Student's killer sentenced to death

September 24, 2006|By McClatchy Tribune

FARGO, N.D. -- A federal jury announced Friday its unanimous decision that Alfonso Rodriguez Jr. should be sentenced to death by lethal injection for the Nov. 22, 2003, kidnapping and killing of University of North Dakota senior Dru Sjodin, a 22-year-old from Pequot Lakes, Minn.

Rodriguez, 53, who has spent 31 of the past 32 years behind bars for attacks on women, showed no reaction to the sentencing decision as it was read aloud in court. His attorneys said they will ask for a new trial and appeal if denied.

The seven women and five men made history with their decision. It will be the first federal death sentence in the history of North Dakota, which hasn't had a state death penalty option for decades, and the first death sentence handed down in the state in more than a century.

As the "special finding" on sentence selection was read aloud Friday in court, juror Bertha Pickell, a retired teacher from Oakes, N.D., labored to control her emotions, her face quivering. Finally, tears fell. Other jurors, too, cried, some bowing their heads.

"I think we all had emotions about it," Pickell said Friday evening from her home. "We were thinking and feeling what each family is experiencing, what they are both going through. I think they both were going through very difficult times."

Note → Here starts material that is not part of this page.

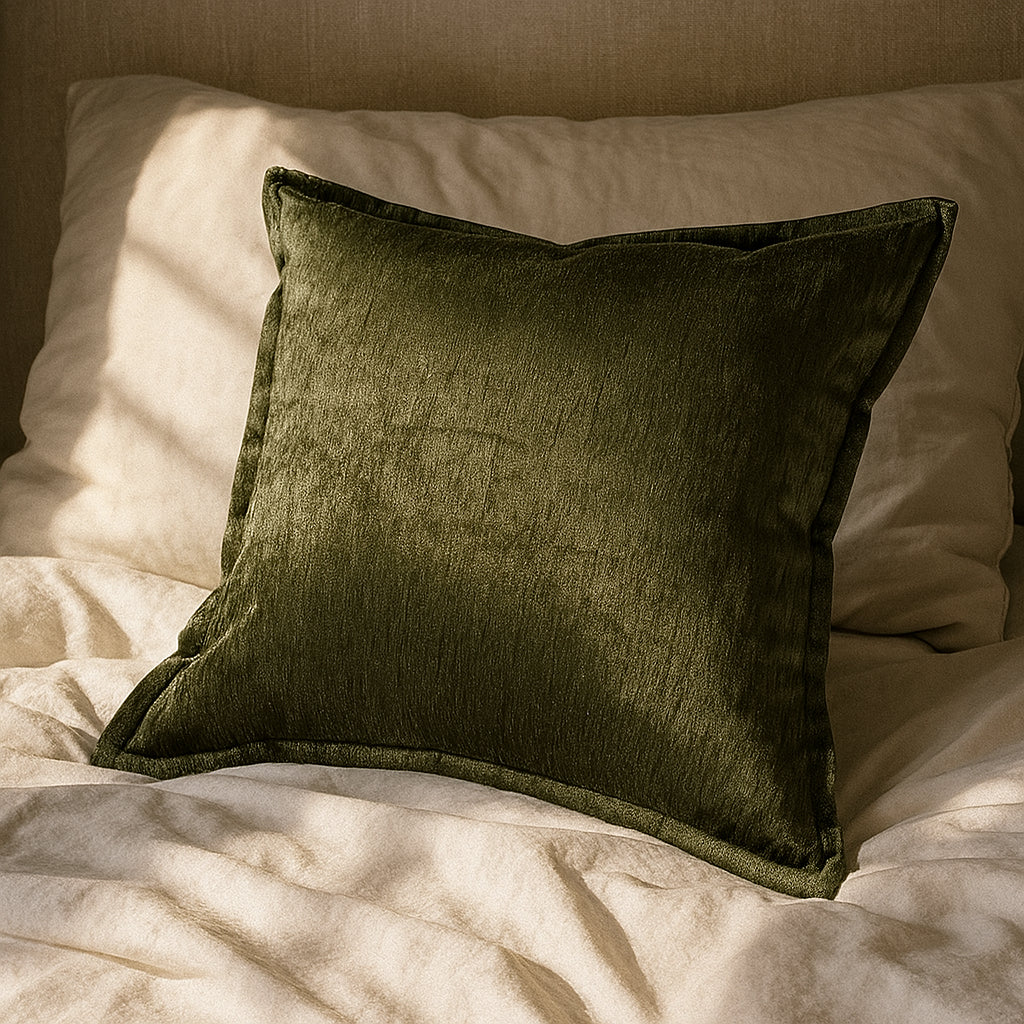 Homey COZY Velvet Throw Pillow – Deep Forest
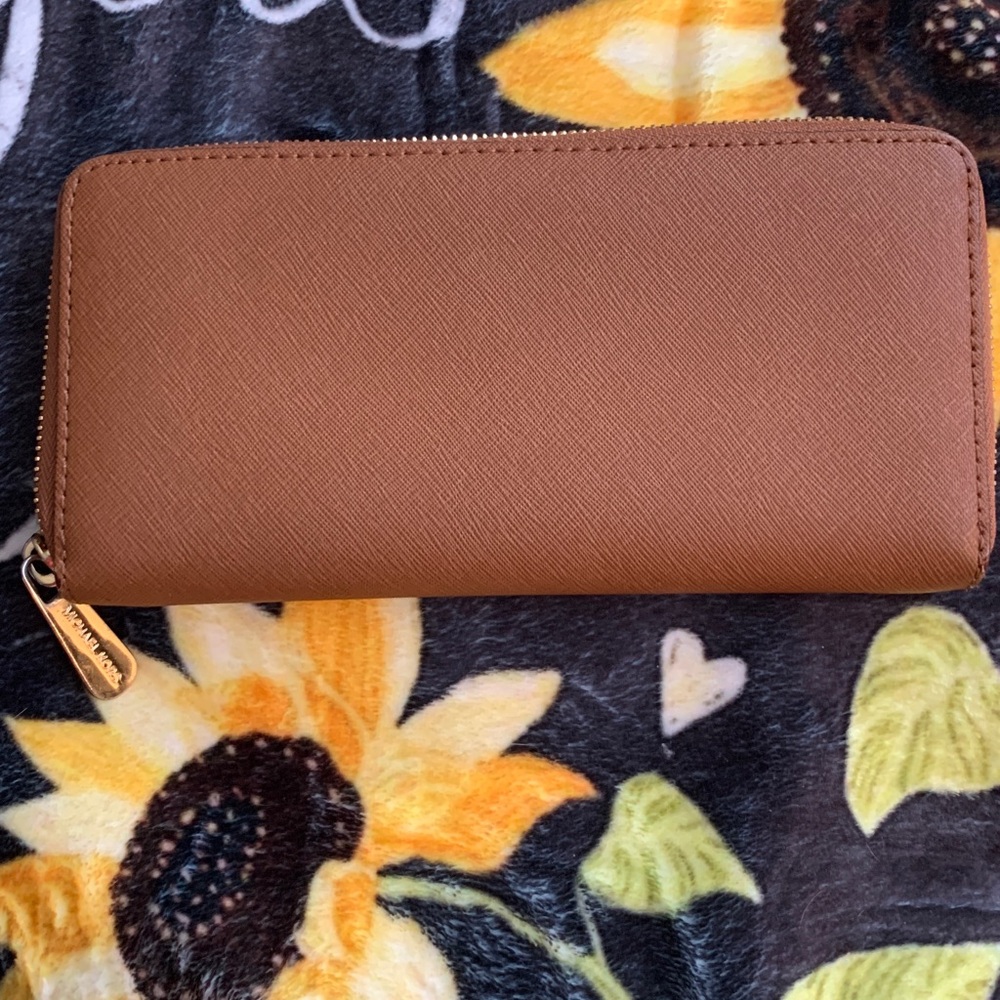 Michael Kors Tan Zip-Around Wallet - Picture 4 of 8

U.S. Attorney Drew Wrigley praised the jury, and his prosecution team, especially Assistant U.S. Attorneys Keith Reisenauer and Norman Anderson. "In the end, we believe this is justice," Wrigley said.

Defense attorney Richard Ney said he was shocked and disappointed at the decision. "Life is worthy of being saved, no matter who." He expressed sympathy for Sjodin's family, but said now another family will suffer by "the execution of their son and their brother."

U.S. District Judge Ralph Erickson scheduled Rodriguez's official sentencing for Jan. 5 in federal court.

Under the federal death penalty law, Erickson is required to impose the sentence decided on by the jury.

Robert Hoy, a West Fargo attorney appointed to defend Rodriguez, said he would remain involved in the case at least through the sentencing hearing, but said it hadn't been determined whether he would continue in any possible appeal.

Court officials said they believe Rodriguez will remain in the Cass County Jail in Fargo until sentencing. Federal prison officials then would determine where to place him in the federal prison system pending appeals. Federal death penalty appeals generally take six to eight years. The only federal facility where death by lethal injection is carried out is Terre Haute, Ind.